I saw the above link posted regarding the 2003 X5, can anyone verify that the 2003 will have an auxiliary audio input?

I know the 2003 3 series has them, but it is not mentioned anywhere in the X5 literature.

I plan on buying a new 3.0 X5 in the next month, if the imput does not exist, I hope to use the adapter from soundgate. The guy there told me that the part is around $120, if my system has DSP, that adapter is near $300 in addition (that's over $400 to hook up my $500 iPod, DOH!)!!!! Not sure it's worth buying the upgraded DSP system anyway. Thoughts?


----------



## Kaz (Dec 21, 2001)

I'd have to read up at home to be sure but I'm fairly certain there is an aux in adapter kit for E46, E39 and E53 for MY03.

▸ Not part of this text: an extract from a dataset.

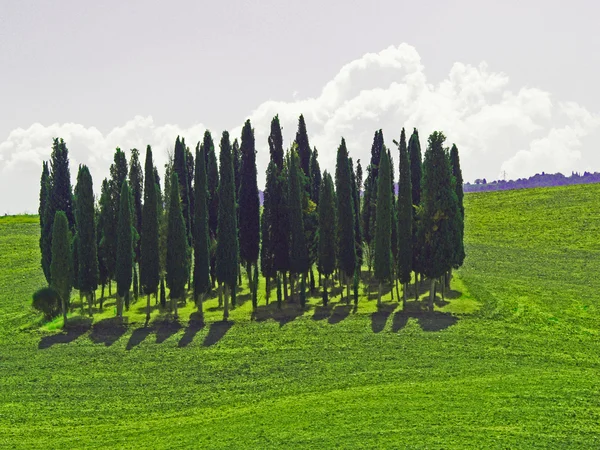 Paisagem da Toscana. A paisagem da Toscana. Itália — Fotografia de Stock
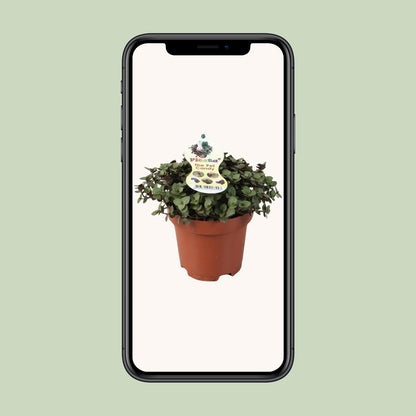 Calissia Repens - Ø12cm - ↕17cm von Pflanzfix24.de - Pflanzfix24.de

No idea what its supposed to cost but I can tell ya it doesn't have more than $10 worth of parts in it.


----------



## cgoldens (Dec 30, 2002)

*Thanks Kaz*

Do you have a 2003 X5? or a 2003 C? I'm a newbie, what are the different E codes stand for? I 'm guessing the tyhpe of BMW, but which one?

Do you have a DSP or non-DSP system?


----------



## Kaz (Dec 21, 2001)

No, a 2001 325.

There are no DSP systems in 3ers.


----------



## cgoldens (Dec 30, 2002)

Kaz, what inforamation do you have at home that you are looking up? I got a 2003 X5 broscure/book and it does not mention anything about aux inputs. 

I do have the 2003 3 series book and it does clearly state that the systems have a aux input.


----------



## bigox (Nov 9, 2010)

i just installed a double din nav radio in my car. but i have no sound is that because my pre amp is burned out?


----------